> _WHAT YOU WILL DO_: Please transcribe the listing below exactly, but only from the line containing "full_head_light.jpg.842c7714282d9b0aa73ce7c59d46c9c6.jpg" through its last line.

> _DATA EXTRACT_:
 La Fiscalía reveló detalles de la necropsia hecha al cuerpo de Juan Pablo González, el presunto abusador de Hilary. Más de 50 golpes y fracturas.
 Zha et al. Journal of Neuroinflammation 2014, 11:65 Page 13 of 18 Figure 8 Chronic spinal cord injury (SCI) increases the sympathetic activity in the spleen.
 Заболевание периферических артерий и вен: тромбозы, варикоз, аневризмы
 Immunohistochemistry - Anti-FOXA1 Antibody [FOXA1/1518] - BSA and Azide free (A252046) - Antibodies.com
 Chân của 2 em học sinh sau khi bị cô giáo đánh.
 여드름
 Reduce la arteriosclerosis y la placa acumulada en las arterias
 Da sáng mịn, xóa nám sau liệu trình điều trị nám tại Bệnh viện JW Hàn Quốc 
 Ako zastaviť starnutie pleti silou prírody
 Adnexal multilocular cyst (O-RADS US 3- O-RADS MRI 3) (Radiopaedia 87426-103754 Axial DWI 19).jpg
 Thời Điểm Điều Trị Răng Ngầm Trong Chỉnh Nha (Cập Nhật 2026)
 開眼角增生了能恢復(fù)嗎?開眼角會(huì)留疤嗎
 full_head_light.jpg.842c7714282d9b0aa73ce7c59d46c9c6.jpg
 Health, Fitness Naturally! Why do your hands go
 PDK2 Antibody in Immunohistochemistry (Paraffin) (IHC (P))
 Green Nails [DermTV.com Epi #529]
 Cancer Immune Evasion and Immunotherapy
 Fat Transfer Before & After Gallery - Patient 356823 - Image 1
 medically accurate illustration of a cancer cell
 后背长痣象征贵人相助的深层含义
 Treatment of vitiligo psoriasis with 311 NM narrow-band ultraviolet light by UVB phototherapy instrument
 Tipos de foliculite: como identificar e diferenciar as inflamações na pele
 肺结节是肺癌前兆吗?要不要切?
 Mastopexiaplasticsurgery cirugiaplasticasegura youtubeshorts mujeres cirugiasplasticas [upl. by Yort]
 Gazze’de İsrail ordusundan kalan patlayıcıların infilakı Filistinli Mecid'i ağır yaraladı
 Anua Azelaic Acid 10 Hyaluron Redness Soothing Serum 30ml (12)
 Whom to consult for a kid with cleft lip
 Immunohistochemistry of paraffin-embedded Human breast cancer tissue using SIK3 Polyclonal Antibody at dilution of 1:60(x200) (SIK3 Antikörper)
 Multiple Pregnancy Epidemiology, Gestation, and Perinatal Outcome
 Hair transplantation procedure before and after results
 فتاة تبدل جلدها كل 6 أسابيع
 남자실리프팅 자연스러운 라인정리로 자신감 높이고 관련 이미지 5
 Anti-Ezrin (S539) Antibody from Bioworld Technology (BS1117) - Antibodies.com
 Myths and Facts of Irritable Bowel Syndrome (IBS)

> _EXPECTED ANSWER_:
 full_head_light.jpg.842c7714282d9b0aa73ce7c59d46c9c6.jpg
 Health, Fitness Naturally! Why do your hands go
 PDK2 Antibody in Immunohistochemistry (Paraffin) (IHC (P))
 Green Nails [DermTV.com Epi #529]
 Cancer Immune Evasion and Immunotherapy
 Fat Transfer Before & After Gallery - Patient 356823 - Image 1
 medically accurate illustration of a cancer cell
 后背长痣象征贵人相助的深层含义
 Treatment of vitiligo psoriasis with 311 NM narrow-band ultraviolet light by UVB phototherapy instrument
 Tipos de foliculite: como identificar e diferenciar as inflamações na pele
 肺结节是肺癌前兆吗?要不要切?
 Mastopexiaplasticsurgery cirugiaplasticasegura youtubeshorts mujeres cirugiasplasticas [upl. by Yort]
 Gazze’de İsrail ordusundan kalan patlayıcıların infilakı Filistinli Mecid'i ağır yaraladı
 Anua Azelaic Acid 10 Hyaluron Redness Soothing Serum 30ml (12)
 Whom to consult for a kid with cleft lip
 Immunohistochemistry of paraffin-embedded Human breast cancer tissue using SIK3 Polyclonal Antibody at dilution of 1:60(x200) (SIK3 Antikörper)
 Multiple Pregnancy Epidemiology, Gestation, and Perinatal Outcome
 Hair transplantation procedure before and after results
 فتاة تبدل جلدها كل 6 أسابيع
 남자실리프팅 자연스러운 라인정리로 자신감 높이고 관련 이미지 5
 Anti-Ezrin (S539) Antibody from Bioworld Technology (BS1117) - Antibodies.com
 Myths and Facts of Irritable Bowel Syndrome (IBS)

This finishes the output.